Parsing (syntax analysis) is the second major phase of compilation. It receives a stream of tokens from the lexer and determines whether they form a valid sentence according to the language's grammar. The output is a parse tree (or abstract syntax tree) that represents the hierarchical structure of the program. Think of parsing like diagramming a sentence in English — you identify the subject, verb, and object, revealing the underlying structure. Without parsing, the compiler would have a flat list of tokens with no way to understand that 3 + 4 * 5 means "add 3 to the product of 4 and 5" rather than "multiply the sum of 3 and 4 by 5."
Q2: Explain context-free grammars and why they are used for parsing.
A context-free grammar (CFG) consists of four components: a set of terminal symbols (tokens), a set of nonterminal symbols (syntactic categories), a start symbol, and a set of production rules. Each rule has the form A → α, where A is a single nonterminal and α is a sequence of terminals and nonterminals.
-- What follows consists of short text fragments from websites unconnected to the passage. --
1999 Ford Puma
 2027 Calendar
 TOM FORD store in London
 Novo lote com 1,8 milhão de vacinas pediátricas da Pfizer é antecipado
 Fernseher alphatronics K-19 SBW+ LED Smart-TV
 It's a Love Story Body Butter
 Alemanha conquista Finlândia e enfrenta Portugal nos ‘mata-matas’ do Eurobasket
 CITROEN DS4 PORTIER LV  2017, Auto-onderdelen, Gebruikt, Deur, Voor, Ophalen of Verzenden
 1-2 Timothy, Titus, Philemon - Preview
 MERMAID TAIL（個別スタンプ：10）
CFGs are "context-free" because A can be replaced by α regardless of the surrounding symbols. CFGs are the perfect match for programming language syntax — powerful enough to express nesting (parentheses, blocks), recursion (nested if-else), and hierarchical structure, yet restricted enough that efficient parsing algorithms (LL, LR) exist.
Q3: What makes a grammar ambiguous and why does it matter?
A grammar is ambiguous if there exists at least one string that has two or more distinct parse trees (leftmost derivations). For example, the grammar E → E + E | E * E | id is ambiguous because id + id * id can be parsed as either (id + id) * id or id + (id * id). Ambiguity matters because different parse trees imply different evaluation orders and therefore different results. Compilers resolve ambiguity either by rewriting the grammar to enforce precedence through the rule hierarchy, or by adding precedence and associativity declarations (like %left and %right in Bison).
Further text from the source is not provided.